But before the wheels fell off, the road ahead was paved with eco-friendly green intentions, which would lead to a pot of gold just over the horizon.

Technology ended up playing a key role in what was a simple idea. Customers scanned QR codes on their smartphones to register “deposits” before unlocking bicycles and paying for short trips.

In the autumn of 2017, there were up to 70 bike-sharing brands with 16 million cycles on the streets for a customer base of about 130 million, according to China’s Ministry of Transport.

Thousands of abandoned bicycles are piled up at a park in Shenyang city in Northeast China. Photo: AFP

At the cutting-edge of the industry was Mobike. Its tread marks could be found in 170 cities worldwide, with the company owning seven million bikes, as well as having more than 100 million customers.

“When you combine environmental protection, technology and business, it’s going to be very cool,” Hu Weiwei, the co-founder of the group, said at a United Nations event at the time.
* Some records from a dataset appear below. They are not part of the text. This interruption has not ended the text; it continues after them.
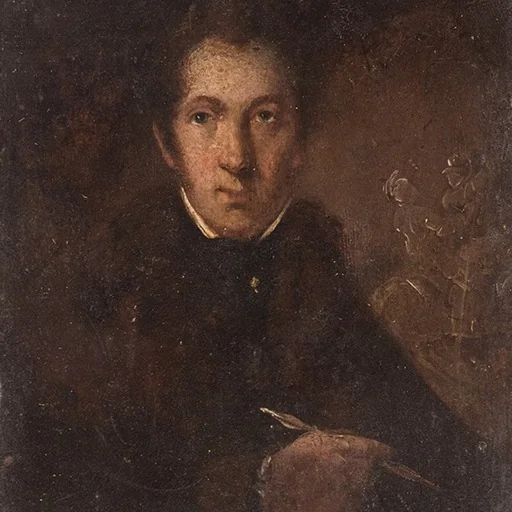 Portrait of Edward Villiers Rippingille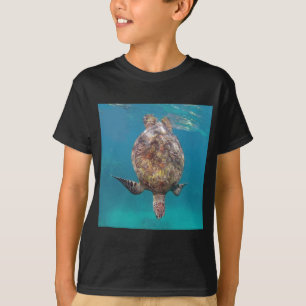 Camiseta Tartaruga Shell de Havaí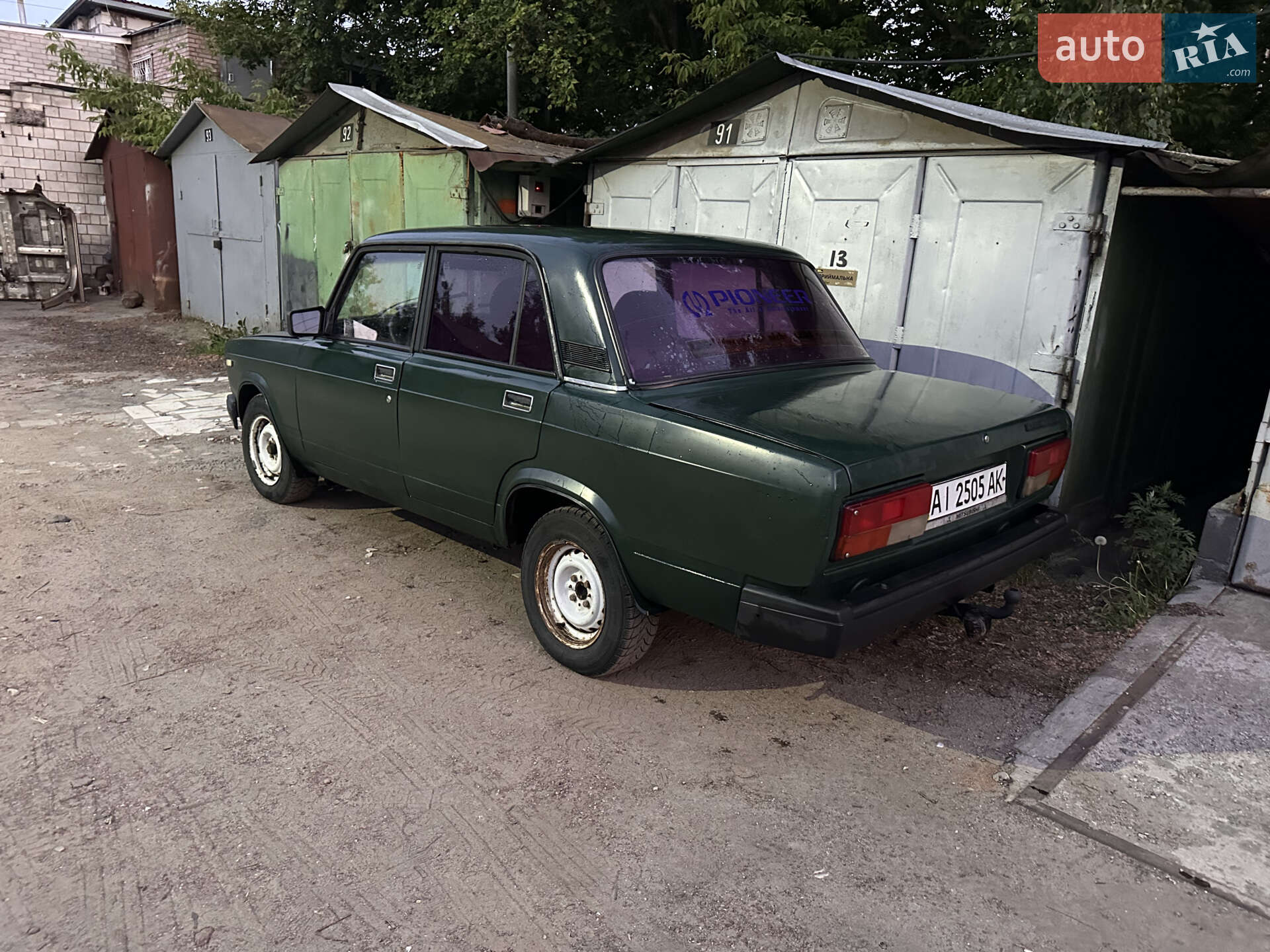 ВАЗ / Lada 2105 1989 VIN XTA210510H0874544 фото оголошення 3 з 3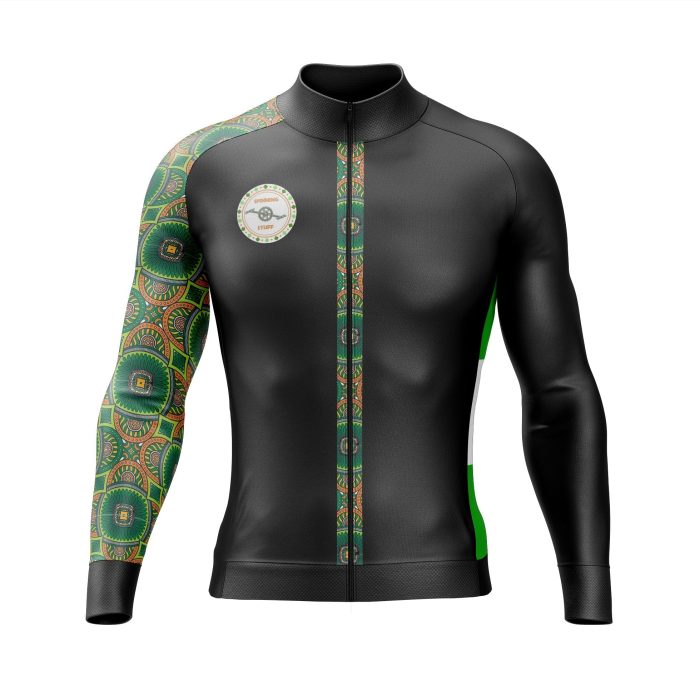 Côte d'Ivoire Long Sleeve Cycling Jersey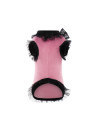 LOVE FUR EVER TULLE PULL MAUVE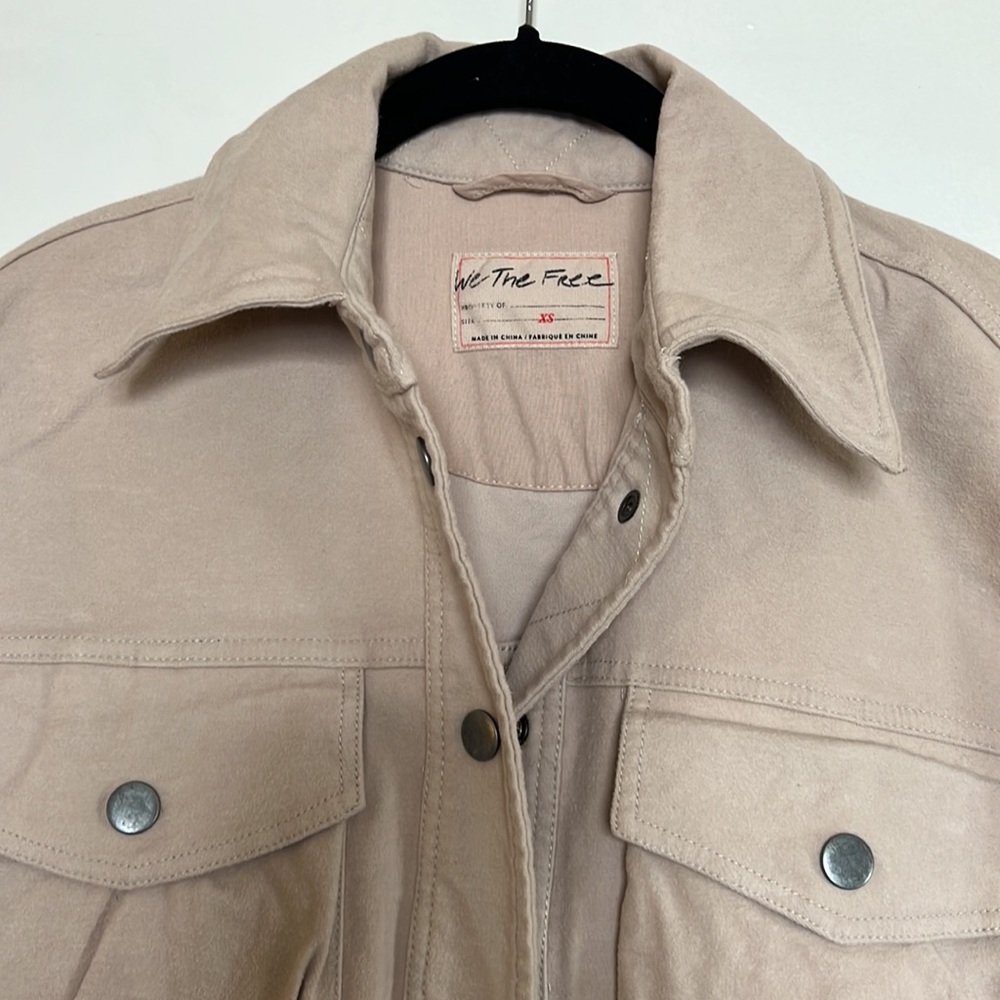 Free People Clyde Shirt Jacket - Picture 7 of 10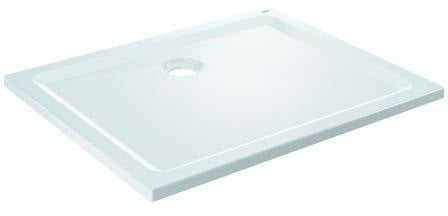 GROHE Universal Duschwanne 39306 aus Acryl 1000 x 800 mm alpinweiß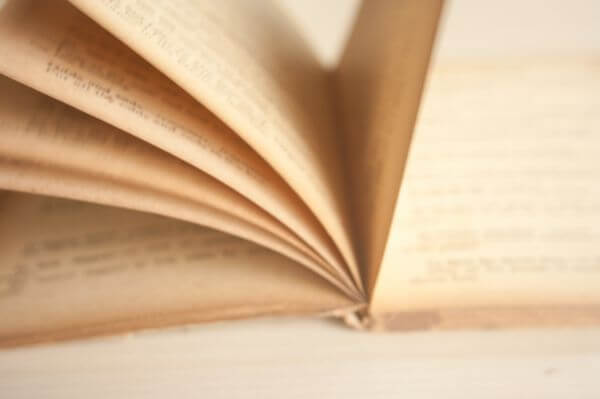 Pages Of Book photo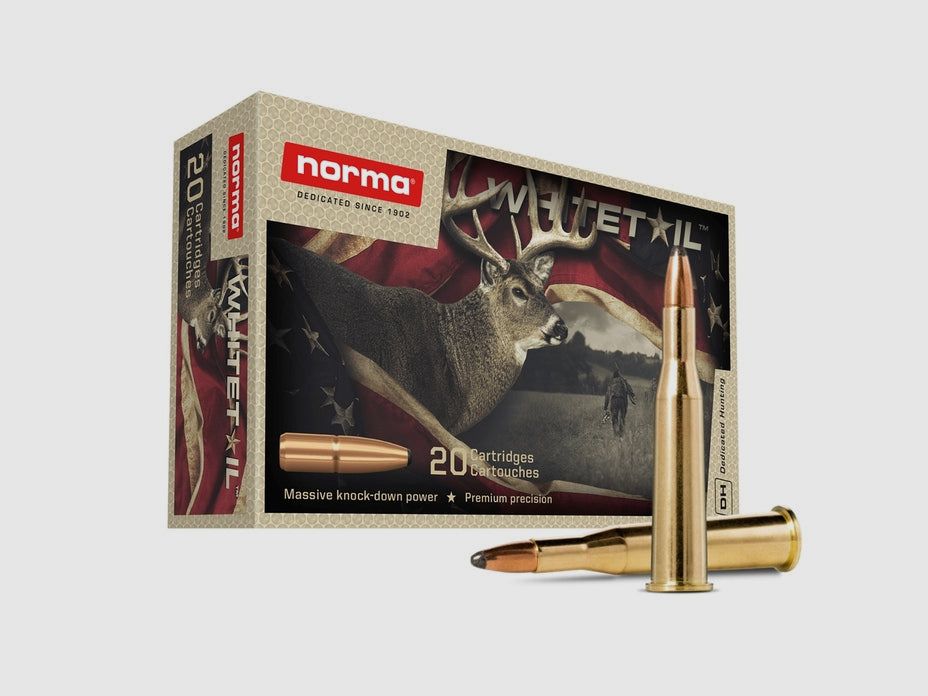 NORMA 5,6x52R Whitetail SP 4,6g/71gr, Bild 1 von 2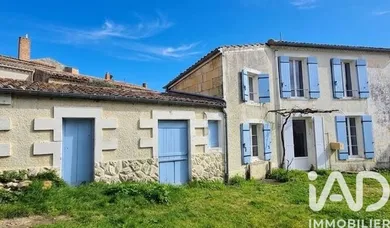 Village house in Mortagne-sur-Gironde (17120)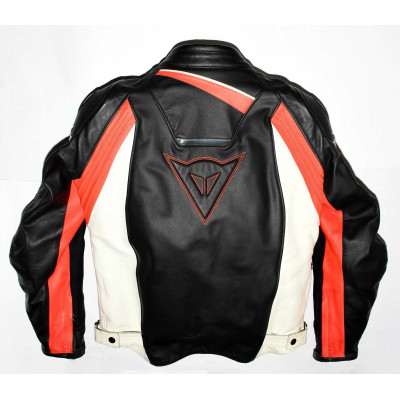 CHAQUETA DE MOTO DE CUERO DAINESE VOLESTER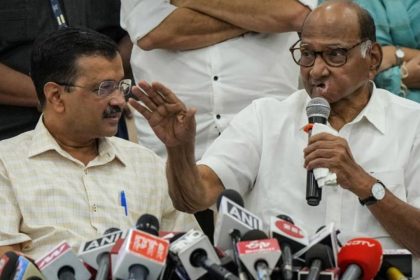 Political meeting at Sharad Pawar’s residence fuels speculation ahead of Delhi polls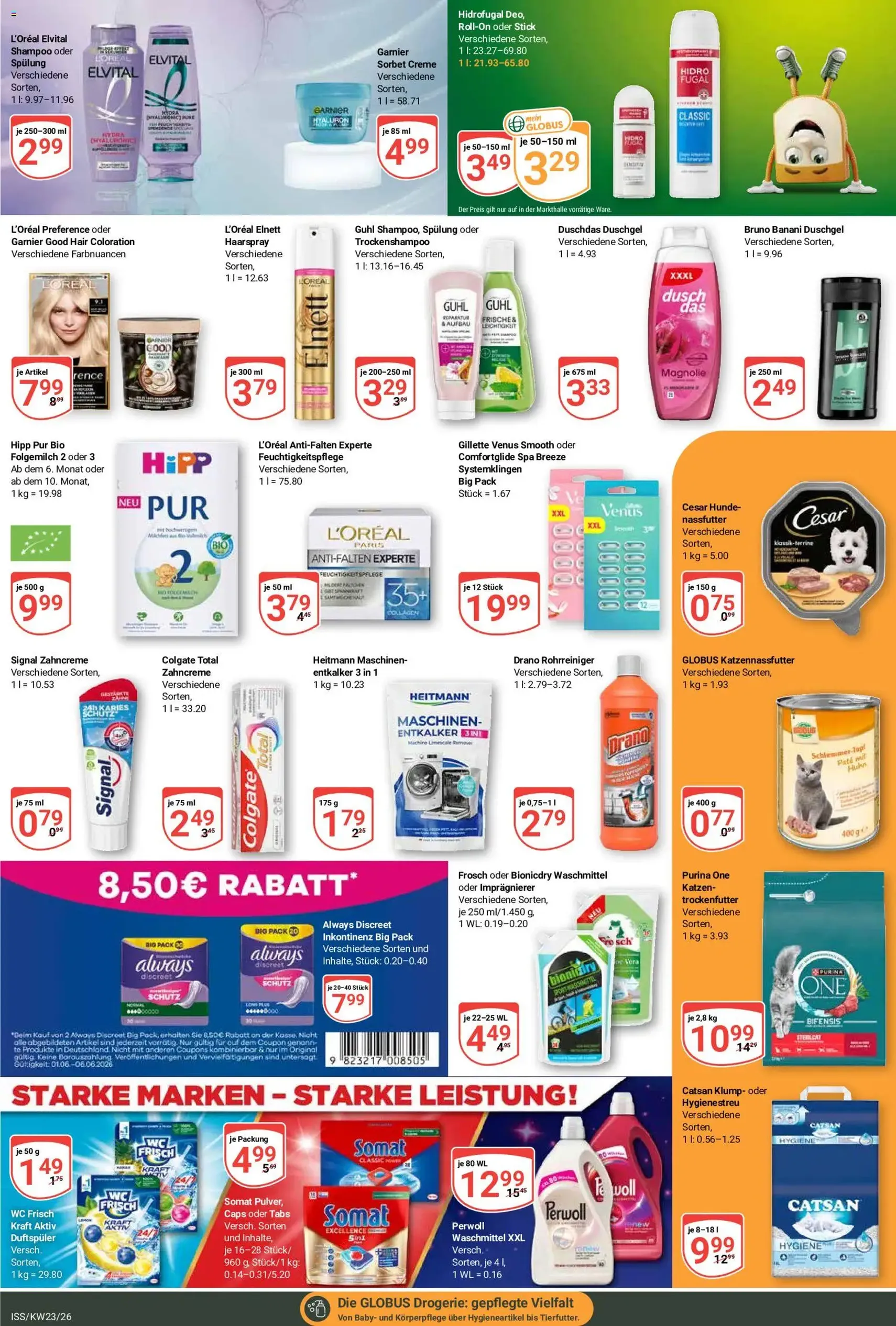 Globus Prospekt - Gültiger Prospekt ab 01.06.2026, Seite 19 von insgesamt 26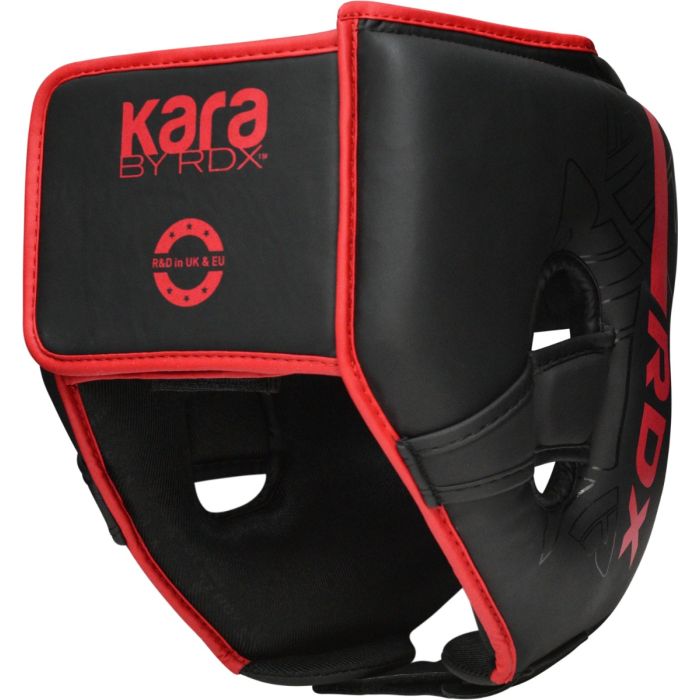 F6 Kara Box-Kopfschutz in Red - RDX L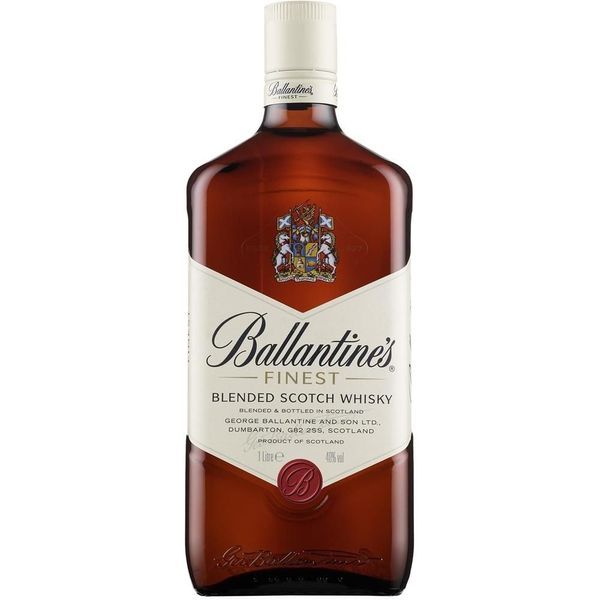 Whisky Blended Scotch BALLANTINE'S Finest 8 anos Garrafa 1L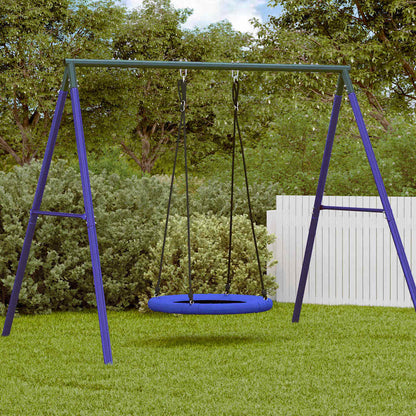 Nest Schaukel Blau 100 x 100 x 180 cm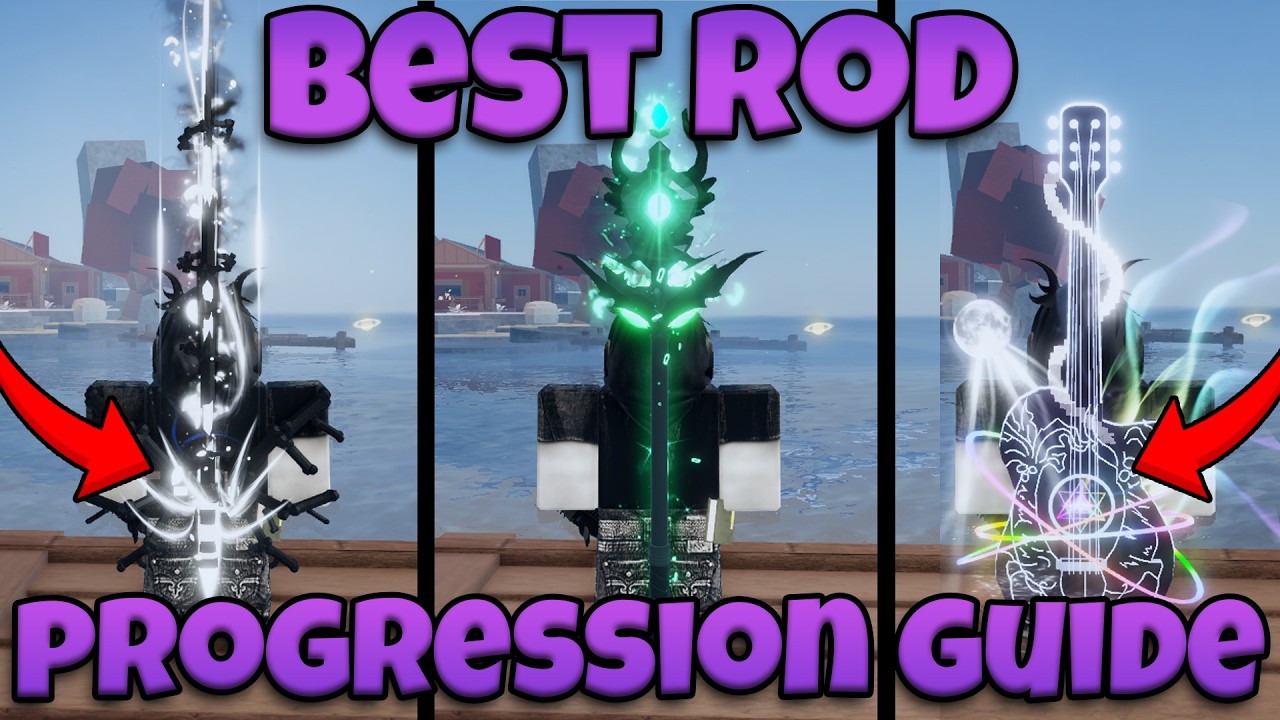NEW! Best Rod Progression Guide in Fisch! (2026) - YouTube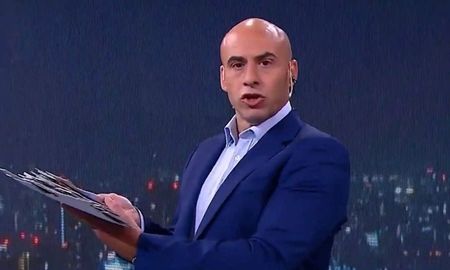 El duro cruce entre Esteban Trebuck y Javier Milei por el patrimonio de Manuel Adorni. El duro cruce entre Esteban Trebuck y Javier Milei por el patrimonio de Manuel Adorni.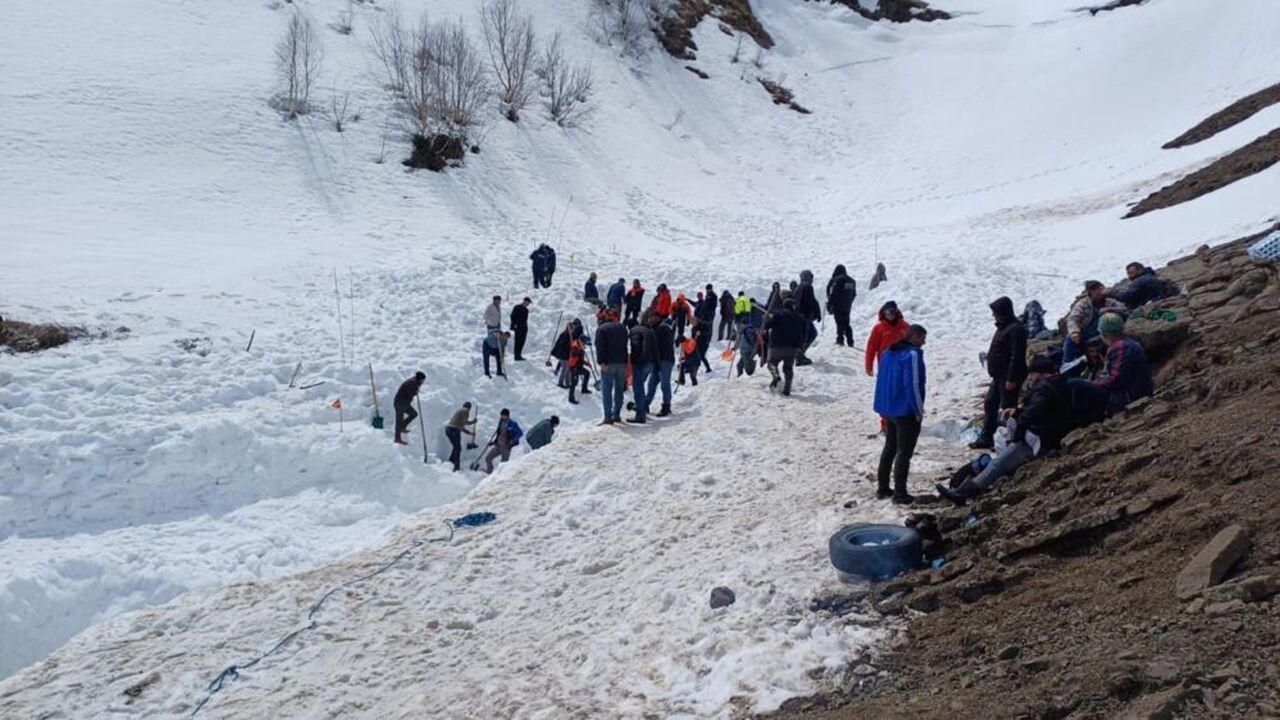 Zekeriya Köyü’nde Büyük Çığ Felaketi (4)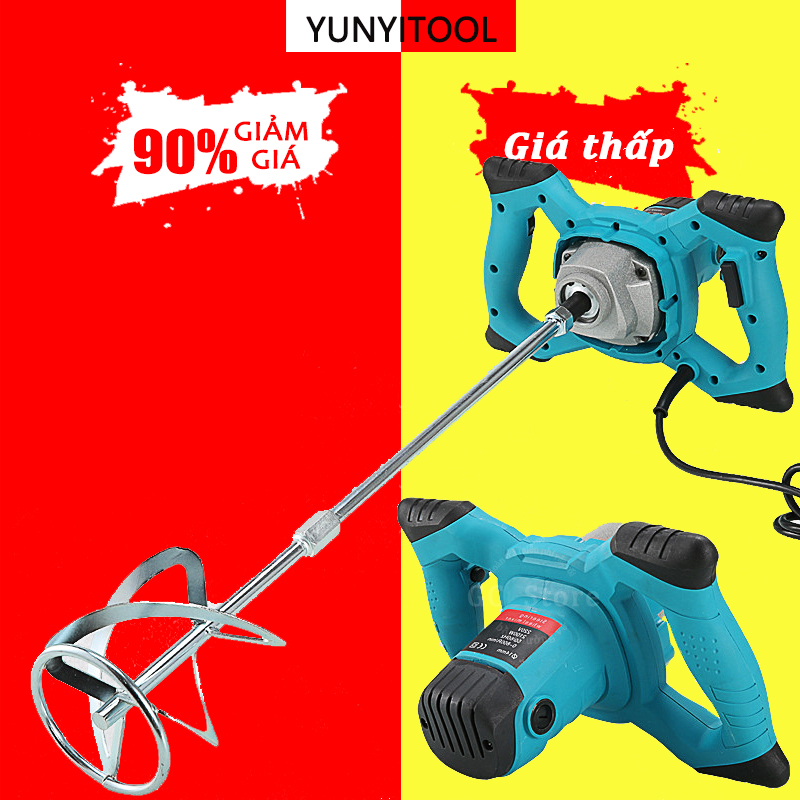 Máy khuấy sơn cầm tay 2500W,Máy khuấy sơn nước,Máy khuấy sơn đánh bột,Máy trộn sơn cầm tay,máy đánh sơn cầm tay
“We can make environmental protection a lifestyle and a sustainable business model,” she added just before the crash.

Fueled by venture capital money, Bluegogo was the first victim as the brakes were applied.

“Its failure represented the funding bubble collapsing [for shared bikes],” Xue Yu, an analyst at market research firm IDC, said.

Even Ofo started to struggle to get out of first gear despite being valued at more than US$2 billion with 10 million bikes in 13 countries in 2017. High profile investors included e-commerce giant Alibaba and riding-hailing firm Didi Chuxing.

Two years later, the group is still in bubble trouble and grappling to refund cash deposits to millions of customers.

In September, China’s state media reported that Ofo had moved out of its offices in Zhongguancun, the bustling hub for startups and tech companies in Beijing. The payroll was also cut from 6,000 to just a few hundred employees as rumors of a pending bankruptcy continued.

Dai Wei, the founder and CEO, has refused to contemplate such a scenario. “[We will] survive even on bended knee,” he said in an internal memo last year.

Still, the changing business climate in China has had a profound effect on the “sharing economy” sector with Mobike struggling to operate on well-worn tires.

After being bought by Chinese delivery giant Meituan for $2.7 billion 11 months ago, the company streamlined its international operation and retreated to its home market. It also increased rental rates in November to boost the bottom line.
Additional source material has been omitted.